Complement pathway activation is associated with adverse pregnancy outcomes in patients with SLE or aPL.

In women with systemic lupus erythematosus (SLE) or antiphospholipid (aPL) antibodies, complement pathway activation detectable early in pregnancy is associated with adverse pregnancy outcomes, according to the results of the PROMISSE study, published in the Annals of the Rheumatic Diseases.

A total of 487 pregnant women with SLE or aPL antibodies and 204 pregnant healthy control participants were enrolled in the PROMMISE (Predictors of pRegnancy Outcome: bioMarkers In antiphospholipid antibody Syndrome and Systemic Lupus Erythematosus) study. 

All participants entered the study at 12 weeks' gestation and were assessed on a monthly basis. The adverse pregnancy outcomes were fetal death after 12 weeks' gestation not explained by anatomic malformation, chromosomal abnormality, or congenital infection; neonatal death prior to hospital discharge because of complications associated with prematurity or placental insufficiency; preterm delivery at <36 weeks because of preeclampsia, placental insufficiency, or gestational diabetes; and small-for-gestational age neonate. 
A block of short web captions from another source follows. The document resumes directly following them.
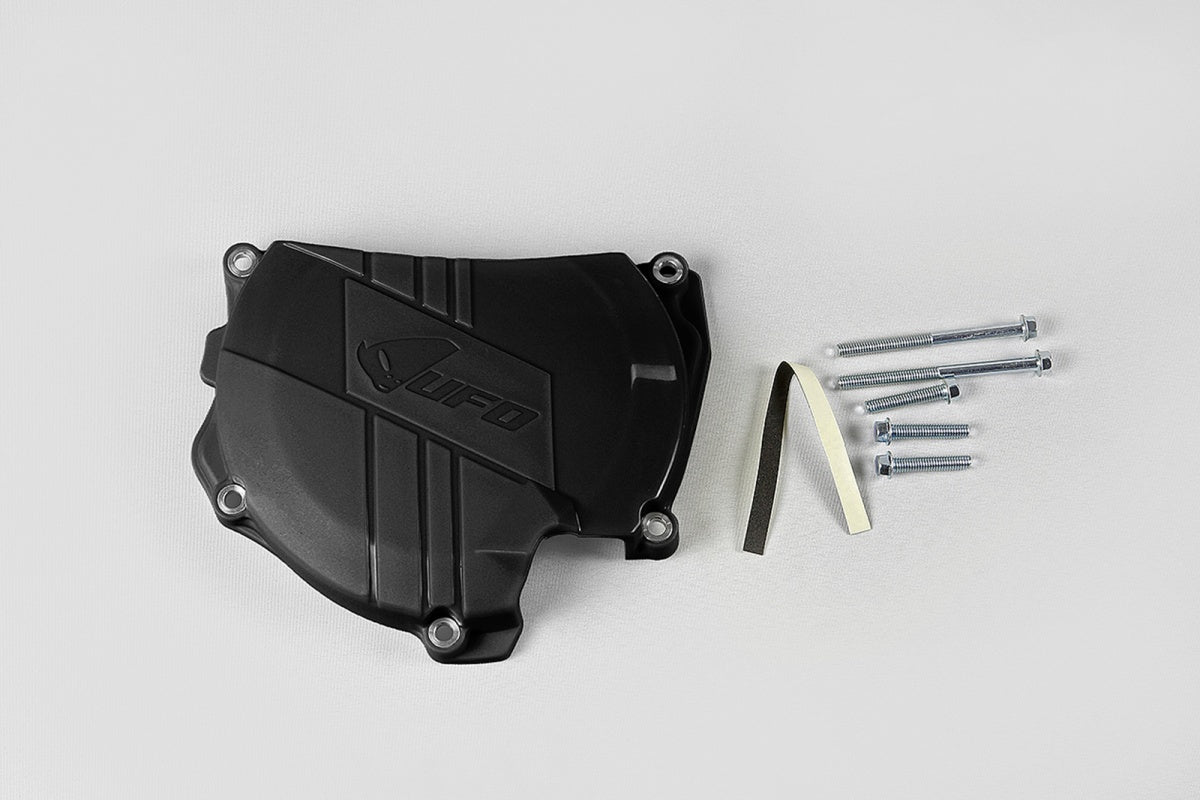 Plastiche-Replica,Protezione-Carter-Frizione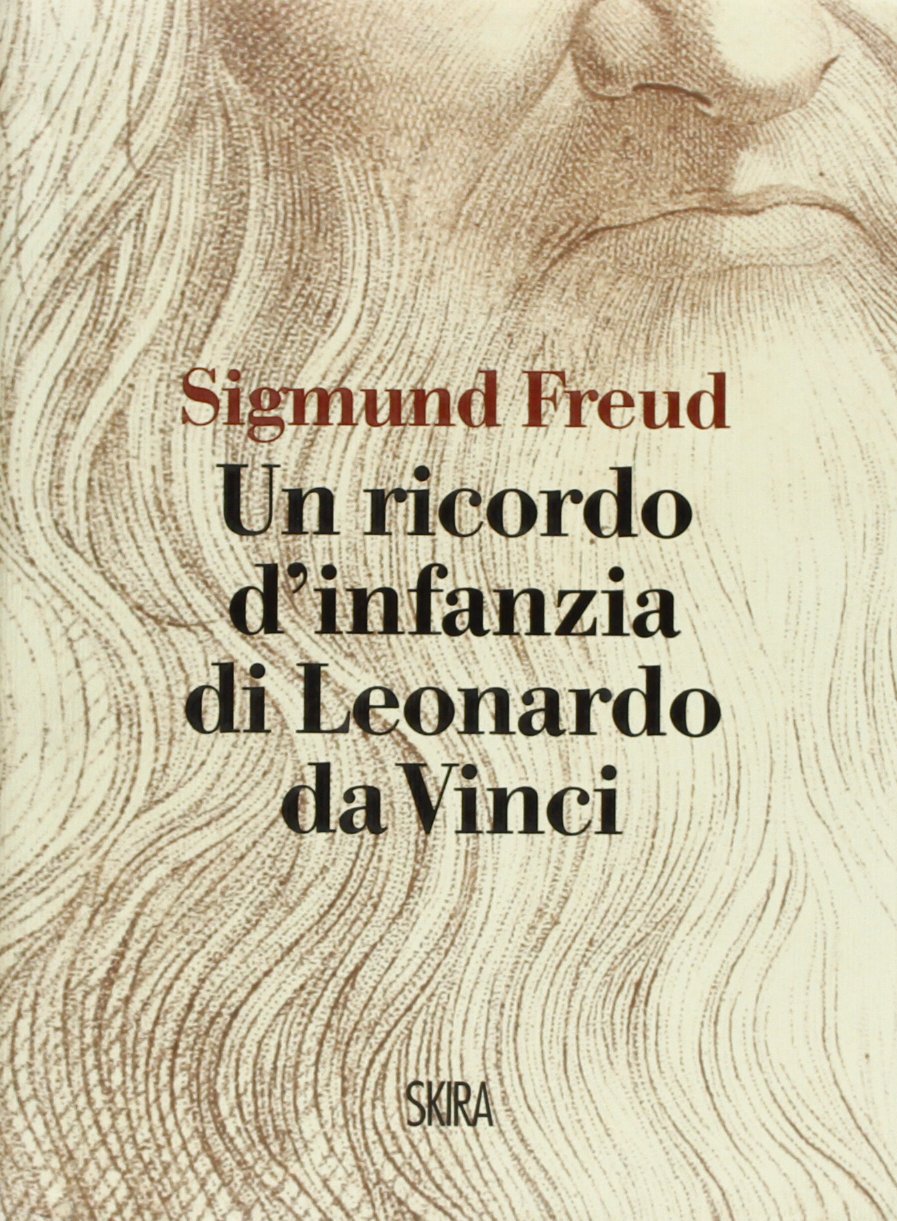 Un ricordo d'infanzia di Leonardo da Vinci (Art stories) Film, Art & Culture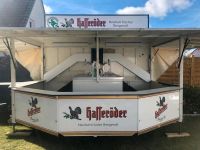 Bierwagen, Schankwagen, Kühlanhänger ab 85€ Neumünster - Bönebüttel Vorschau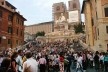 Figura 16 – Piazza di Spagna –Escadaria. Contaminação constitutiva. Espaço suporte- Reprogramações – Praça. São Paulo- Brasil. Roma – Italy<br />Foto Ana Villanueva 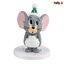 กาชาปองฟิกเกอร์ทอมแอนด์เจอรี่ TOM and JERRY are side by side.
Blood samples were obtained at each monthly visit to measure complement activation products, including Bb and sC5b-9.

Adverse pregnancy outcomes were reported in 20.5% of pregnancies in women with SLE or aPL antibodies. As early as 12 to 15 weeks' gestation, levels of the complement activation products Bb and sC5b-9 were significantly higher among women with adverse pregnancy outcomes compared with women without an adverse pregnancy outcome, and these differences increased through 31 weeks. 

Additionally, Bb and sC5b-9 were significantly higher among women with SLE or aPL antibodies with no adverse pregnancy outcomes compared with pregnant control participants (P <.001).

Logistic regression analyses demonstrated that Bb and sC5b-9 at 12 to 15 weeks' gestation remained significantly associated with adverse pregnancy outcomes (adjusted odds ratio [OR], 1.41 per standard deviation [SD] increase; 95% CI, 1.06-1.89; P =.019 and OR, 1.37 per SD increase; 95% CI, 1.05-1.80; P =.022, respectively) after controlling for demographic and clinical risk factors for adverse pregnancy outcomes. 

When the analyses were limited to patients with aPL antibodies only (n=161), the association between Bb and adverse pregnancy outcomes at 12 to 15 weeks was stronger (OR, 2.01 per SD increase; 95% CI, 1.16-3.49; P =.013).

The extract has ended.